Le 7 septembre 1907, une émeute éclate à Vancouver : les ouvriers en ont assez de voir les Japonais venir voler leurs emplois. Que cette accusation soit fondée ou non, c’est le paroxysme d’une tension qui règne depuis trop longtemps, et le gouvernement de Wilfrid Laurier se dit qu’il n’a pas le choix et qu’il doit négocier avec le Japon la limitation de son émigration. Le problème : la politique étrangère canadienne, à l’époque, relève directement de Londres. Le Canada n’a pas d’ambassadeur au Japon.
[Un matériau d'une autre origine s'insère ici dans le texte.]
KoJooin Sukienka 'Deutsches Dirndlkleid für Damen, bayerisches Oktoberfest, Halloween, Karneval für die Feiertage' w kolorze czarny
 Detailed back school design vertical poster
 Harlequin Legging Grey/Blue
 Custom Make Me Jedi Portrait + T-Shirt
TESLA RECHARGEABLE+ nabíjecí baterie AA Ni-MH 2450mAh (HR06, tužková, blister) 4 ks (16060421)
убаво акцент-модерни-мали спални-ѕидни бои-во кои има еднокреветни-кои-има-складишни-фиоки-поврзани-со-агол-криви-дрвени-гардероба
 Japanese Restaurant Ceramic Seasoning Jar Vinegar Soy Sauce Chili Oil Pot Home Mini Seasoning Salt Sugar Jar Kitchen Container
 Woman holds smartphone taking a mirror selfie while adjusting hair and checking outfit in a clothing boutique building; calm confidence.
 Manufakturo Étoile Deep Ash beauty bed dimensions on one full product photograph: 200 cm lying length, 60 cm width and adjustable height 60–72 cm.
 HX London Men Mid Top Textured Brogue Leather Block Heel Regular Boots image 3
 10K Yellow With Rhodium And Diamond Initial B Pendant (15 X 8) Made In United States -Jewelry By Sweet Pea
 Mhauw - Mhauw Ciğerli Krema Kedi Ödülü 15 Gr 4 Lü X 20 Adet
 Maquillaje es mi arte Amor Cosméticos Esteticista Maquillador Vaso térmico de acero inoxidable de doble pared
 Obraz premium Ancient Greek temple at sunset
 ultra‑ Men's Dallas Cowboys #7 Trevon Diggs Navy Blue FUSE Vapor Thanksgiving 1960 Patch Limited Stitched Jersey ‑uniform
Qu’à cela ne tienne, Laurier est depuis longtemps un tenant de l’autonomisation du Canada. L’occasion est belle : il déléguera un négociateur canadien officiel, au nez et à la barbe du Foreign Office.
Ce négociateur s’appelle Rodolphe Lemieux, ministre des Postes et du Travail.
Son mandat n’est pas facile, d’autant que le Japon est un pays lointain et inconnu. Il n’empêche, sa mission s’avérera un succès, et même si l’affaire n’aura pas été si simple au pays du Soleil-Levant, ses plus grandes difficultés résideront dans l’opiniâtreté désespérante de Laurier resté à Ottawa, avec qui il communiquera tant bien que mal par télégraphie.
Rodolphe Lemieux séjournera au Japon près de deux mois. C’est pour lui la découverte d’une civilisation étrangère au sens fort du mot, et sa correspondance nous la fait voir à travers ses yeux. Au-delà de la mission diplomatique, c’est surtout ce regard que René Castonguay nous transmet. L’ouvrage est donc composé de généreux extraits épistolaires portant sur la culture du Japon, son architecture, ses paysages, sa gastronomie, sa justice, son système d’éducation, sa population. Ce n’est qu’à la fin qu’on aura droit à un récit plus précis des négociations proprement dites et des malentendus avec Ottawa, où l’histoire prend presque des allures de suspense.
On pardonnera à l’auteur ses maladresses de traduction pour les quelques citations dont l’original est en anglais. Quant à son souci de souligner d’emblée les occasionnels accents racistes ou sexistes des propos de son diplomate, on ne lui en tiendra pas trop rigueur non plus : c’est une figure obligée de nos jours, et d’autres lui auraient reproché de ne l’avoir pas fait. Au total, on lui saura gré toutefois de nous avoir donné plus à voir le regard d’un Canadien français des années 1900 sur le Japon que le jugement d’un Canadien des années 2010 sur les Canadiens français des années 1900.